See, asking a starboard to be a port is like asking Gretzky to start shooting right-handed. It's like asking, "Hey, I know you're a human, but you can be a tree, right?"
It just doesn't make sense.
This is all going through my head as I situate myself awkwardly in the boat. I try to turn my concentrated grimace into a smile. They say if you force yourself to smile for 30 seconds, it'll turn into a real smile, and you'll be in a better mood. Well, it's worked for me before. Frighteningly well, actually. I was walking across campus at the time and I ended up laughing uncontrollably at nothing in particular. It was fun, but I got some really weird looks. I had to get out my phone and pretend like I was laughing at someone on the other end.
Anyway, we set off, and the warmup goes alright. My muscles are wondering what the hell is going on, but I manage to convince them to follow my fried brain (it's finals week). We start the first piece, settling into a fast stroke rate. I hang on for dear life and try not to screw up.
At the end of the piece, I wait to hear Marketa tell me it was all a mistake. To switch seats with someone else. But when she gets to me, she says, "Grace, I think you're officially bisweptual."
Wait, what? I'm about to say, "No I'm not!" when I realize that she is not, in fact, questioning my orientation. Rather, she's telling me I'm ambidextrous with the oar. A switch hitter, so to speak.
My teammates look back and cheer. All I can do is stare in shock. Here I'd been practicing on starboard side for 8 months, and now all of a sudden I'm switching to the opposite side a week before the conference championship?
My head buzzes as we paddle back to the starting line. The boat once again looks like a seesaw (and again it's my fault), I can't pull nearly as hard as I'd been able to as a starboard, and I generally feel like the scarecrow from The Wizard of Oz. I established a long time ago that Marketa was maybe a little off, but this?
We're halfway through the second piece when it happens.
The boat lurches to one side at precisely the wrong moment. This is my fault. The girl immediately in front of me, Melanie, catches a crab. Not literally. Not like she took a stroke and a crab was hanging off her blade as it came out.

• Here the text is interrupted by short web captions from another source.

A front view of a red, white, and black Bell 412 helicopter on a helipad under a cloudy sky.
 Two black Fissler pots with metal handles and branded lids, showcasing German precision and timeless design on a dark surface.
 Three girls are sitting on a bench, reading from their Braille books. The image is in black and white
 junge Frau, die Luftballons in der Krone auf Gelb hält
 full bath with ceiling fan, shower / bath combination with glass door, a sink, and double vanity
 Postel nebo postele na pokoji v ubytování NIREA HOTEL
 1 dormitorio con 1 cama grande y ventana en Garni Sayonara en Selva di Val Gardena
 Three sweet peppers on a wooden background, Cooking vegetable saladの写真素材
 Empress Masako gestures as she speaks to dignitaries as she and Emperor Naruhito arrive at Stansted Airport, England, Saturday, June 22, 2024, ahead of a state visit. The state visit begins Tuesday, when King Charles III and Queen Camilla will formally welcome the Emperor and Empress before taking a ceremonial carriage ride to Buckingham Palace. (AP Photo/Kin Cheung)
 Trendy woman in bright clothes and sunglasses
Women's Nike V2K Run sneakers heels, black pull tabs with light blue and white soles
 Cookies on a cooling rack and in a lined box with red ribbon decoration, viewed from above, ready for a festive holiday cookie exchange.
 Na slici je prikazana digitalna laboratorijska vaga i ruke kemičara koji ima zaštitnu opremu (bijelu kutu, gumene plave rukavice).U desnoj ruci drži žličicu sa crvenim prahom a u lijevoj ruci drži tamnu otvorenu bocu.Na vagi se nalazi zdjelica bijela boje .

To 'catch a crab' in rowing means that the water catches your oar at the wrong time and sucks it under. As a result, the boat screeches to a halt and the oar handle flies back toward the rower, acting like a really, really thick clothesline. The rower, in order to avoid catching it in the ribs, must swing back matrix-style. If executed successfully, the handle will sail harmlessly overhead and the oar will swing parallel to the boat. If not, and if the boat has enough speed and the crab is massive enough, the rower will be ejected from the boat. The handle actually picks her up, drags her over the side, and dumps her into the water.
"Whoops" is about all you can say when that happens.
So Melanie catches a crab. And we do have enough speed, and the crab is massive enough, and Melanie does not duck fast enough. The oar catches her in the ribs and proceeds to drag her mercilessly backward. I hear a loud crack as the motion of the oar is suspended briefly, then it picks up again and the left side of Melanie is neatly deposited into the San Pedro Harbor. I swing forward and grab her arm, and the oar swings over her. She pulls herself back in the boat, only half-soaked. "What was that?" I pant. She glances up at me. "What was what?" "That crack." I say. Instead of answering, Melanie looks down at her feet. My eyes follow hers.
Her shoes have ripped completely off of the foot stretcher (an angled piece of wood inside the boat, to which two shoes are attached with screws. extremely durable.) The piece holding the shoes to the stretcher has broken neatly into three.
Coach zooms over in the motorboat. Melanie holds up the now independent shoes for her to see. I look from the shoes to Marketa and say, "I told you I wasn't a port."